So there you have it. The first glimpses of our sweet little Shangri-la. I've provided photographic evidence to prove that I wasn't exaggerating about the extent of the mess inside this little gem of a home. It was a staggering job, but we eventually got it cleaned out to the last coat hanger.  The dumpster sides nearly groaned outward, because we'd stuffed it so full.  It felt really good to be able to navigate our way through the house without having to dodge boxes and bits of furniture.  The sun porch proved to be a much bigger room than we had anticipated (see below). Things were starting to look up. A little bit.  I still wasn't about to get carried away with glee, but I could see a pinprick of light at the end of what is proving to be an endless, yet entirely rewarding, tunnel. 

Tuesday, May 6, 2014

We bought a hovel, I mean house!

  Well, as it always does, the dust settled after I got down to SC with the animals. The blurry edges of my life started to come into focus again. Jonathan's dad was still in critical condition in the ICU, which was freaking all of us out.  He would make a small improvement and then lapse. The doctors had no answers, it wasn't really up to anyone what happened next. Time would tell if he'd improve, or continue to spiral downward.  All we could do was be there as support for Jonathan's mom and pray.

  The matter of buying our house was looming in the next week. We had stopped off at the property the day after I arrived down south.  It was a grey, gloomy day in late December, with a rawness that only the air in winter can provide.  The house had been unoccupied for nearly a decade and it's owner had passed away from a heart attack in late summer.  He used the house to store "things" for yard sales. And by "things" I mean anything you can think of, from tools, to curtains, to clothing, etc. The house was full of crap. Useless, dirty, cluttery...crap.  The flat roof on the back addition had long since rotted and was falling in, allowing rain to accumulate in puddles on the floors in the kitchen and sunroom.   As for the property itself, the acreage was mostly wooded.  A slanted red barn that was also full of crap listed on one side of the property. The two car garage was a white cinder block building that was filled with more crap.  For some reason someone had decided that painting the pump house yellow, with a red roof was a good idea.
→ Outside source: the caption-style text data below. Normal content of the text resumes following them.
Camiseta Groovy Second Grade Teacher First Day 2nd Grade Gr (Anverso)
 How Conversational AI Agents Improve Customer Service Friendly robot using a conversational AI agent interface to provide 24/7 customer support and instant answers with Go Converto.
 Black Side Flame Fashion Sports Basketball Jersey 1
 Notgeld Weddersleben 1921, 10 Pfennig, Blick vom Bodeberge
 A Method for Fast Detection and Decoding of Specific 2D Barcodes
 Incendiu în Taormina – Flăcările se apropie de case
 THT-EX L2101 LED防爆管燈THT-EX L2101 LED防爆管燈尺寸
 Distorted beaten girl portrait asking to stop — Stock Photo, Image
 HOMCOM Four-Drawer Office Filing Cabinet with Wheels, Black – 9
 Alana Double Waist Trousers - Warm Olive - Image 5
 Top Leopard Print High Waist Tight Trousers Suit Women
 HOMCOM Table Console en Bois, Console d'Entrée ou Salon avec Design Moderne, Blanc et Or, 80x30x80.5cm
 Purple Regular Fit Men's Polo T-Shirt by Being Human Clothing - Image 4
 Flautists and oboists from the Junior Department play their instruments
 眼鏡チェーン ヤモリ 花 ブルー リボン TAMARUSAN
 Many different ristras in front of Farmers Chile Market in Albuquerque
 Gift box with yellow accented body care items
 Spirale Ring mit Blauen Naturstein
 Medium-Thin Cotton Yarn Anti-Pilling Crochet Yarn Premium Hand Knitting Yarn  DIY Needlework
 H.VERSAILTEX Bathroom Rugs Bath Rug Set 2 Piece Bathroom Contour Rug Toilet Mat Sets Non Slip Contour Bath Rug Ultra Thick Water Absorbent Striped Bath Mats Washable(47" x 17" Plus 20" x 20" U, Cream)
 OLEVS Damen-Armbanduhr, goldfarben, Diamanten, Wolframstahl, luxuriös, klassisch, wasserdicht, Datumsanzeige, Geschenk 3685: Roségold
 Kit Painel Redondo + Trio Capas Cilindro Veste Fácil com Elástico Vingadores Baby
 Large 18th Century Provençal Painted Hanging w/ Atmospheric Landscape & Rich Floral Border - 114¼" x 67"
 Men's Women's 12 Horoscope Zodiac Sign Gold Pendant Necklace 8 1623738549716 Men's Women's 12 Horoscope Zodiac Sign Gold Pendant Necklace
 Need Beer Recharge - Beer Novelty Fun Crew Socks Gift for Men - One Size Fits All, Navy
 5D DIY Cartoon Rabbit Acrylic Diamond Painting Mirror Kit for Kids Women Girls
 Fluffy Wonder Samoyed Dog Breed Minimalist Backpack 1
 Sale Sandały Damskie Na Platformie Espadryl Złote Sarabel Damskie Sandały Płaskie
It sure was something to see.

"Isn't it awesome?" Jonathan kept saying.

  I would muster a feeble grin, raising my eyebrows to show my enthusiasm, but honestly the place was just gross.  I liked the house itself, but the amount of work ahead of us before we could actually live there was overwhelming.  It had no running water, no electricity, no plumbing, no heat, no a/c, no working anything.  And it was filthy dirty.  And most of the interior rooms were painted the most putrid shade of green you can imagine, floor and ceiling. And the back roof was caving in. I swear if a house could sigh this place would be sighing big time. I know I was doing plenty of sighing, though I kept it to myself.

 The big day of the closing finally arrived right before Christmas. We met our realtor, who had been amazing through this whole process, in the parking lot.

"Y'all ready to buy a house?" she said with a grin.

I let Jonathan answer that question, since at the time I was having trouble showing any positive reaction toward the idea.  The lawyer had the papers all ready so it was a matter of a few signatures and we were on our way.  It was official. We were now home owners, of a house that we couldn't actually live in. Leave it to us, I said to myself. Go buy a house you can't live in and that needs ten zillion hours of work.  Lord, it was going to be a very long, long winter.